● Problem details: Write out the opening lines of the data word for word, up to and including the line with "If this was", and leave every picture and every later line out.

[Records from a data collection]
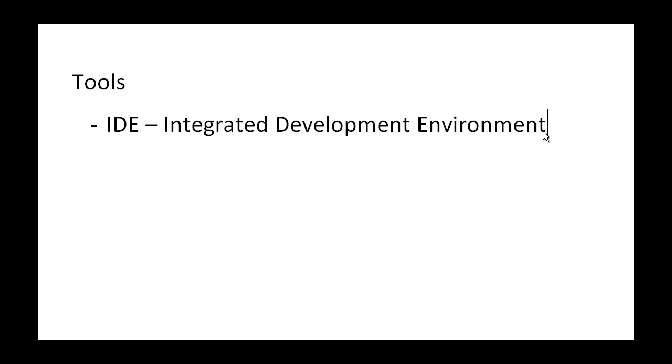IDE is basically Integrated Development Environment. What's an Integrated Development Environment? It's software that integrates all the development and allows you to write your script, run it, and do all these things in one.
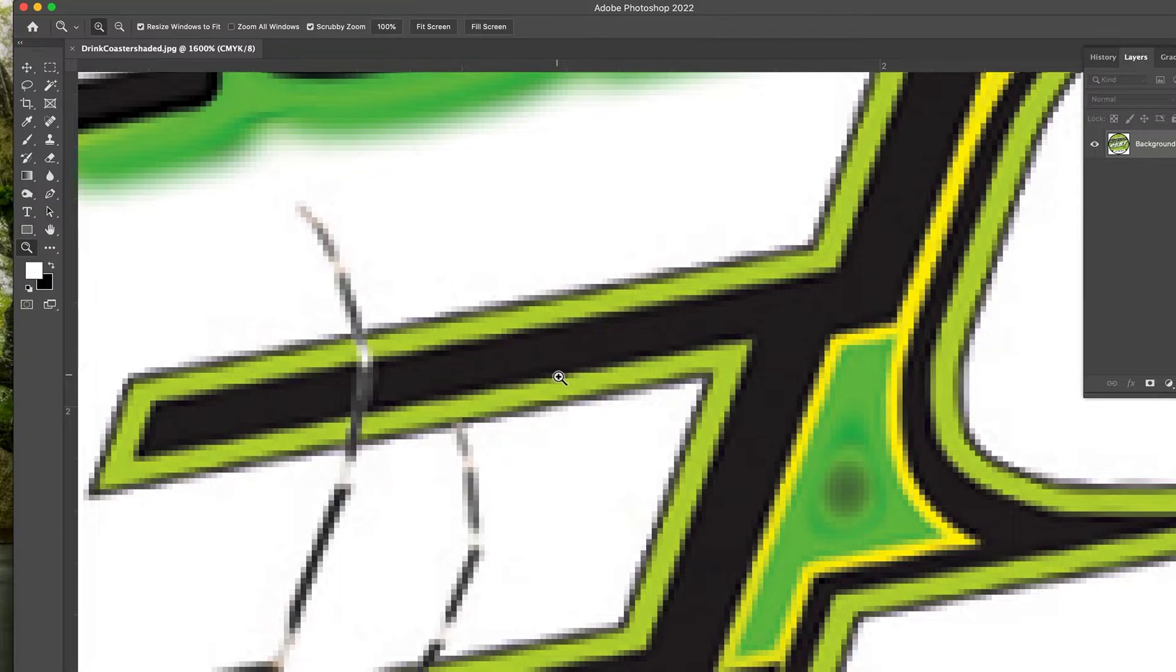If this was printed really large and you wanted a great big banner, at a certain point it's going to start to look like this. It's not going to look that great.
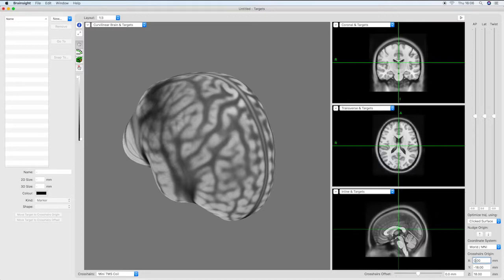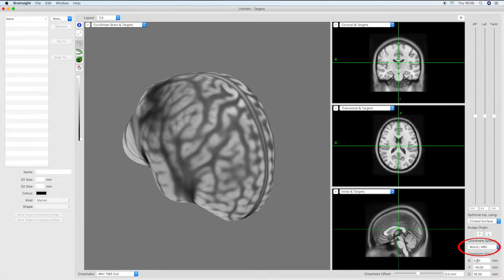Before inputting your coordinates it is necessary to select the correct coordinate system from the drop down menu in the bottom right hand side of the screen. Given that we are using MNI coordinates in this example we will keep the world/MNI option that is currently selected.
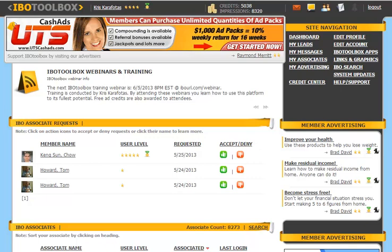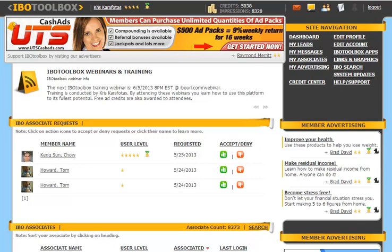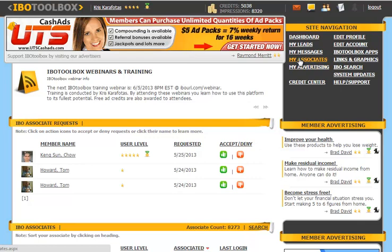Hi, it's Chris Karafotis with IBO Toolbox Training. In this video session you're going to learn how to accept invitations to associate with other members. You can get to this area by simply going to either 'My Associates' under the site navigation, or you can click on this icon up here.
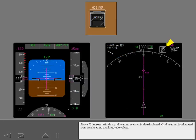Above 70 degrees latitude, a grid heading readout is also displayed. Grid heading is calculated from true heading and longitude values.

● Response:
IDE is basically Integrated Development Environment. What's an Integrated Development Environment? It's software that integrates all the development and allows you to write your script, run it, and do all these things in one.
If this was printed really large and you wanted a great big banner, at a certain point it's going to start to look like this. It's not going to look that great.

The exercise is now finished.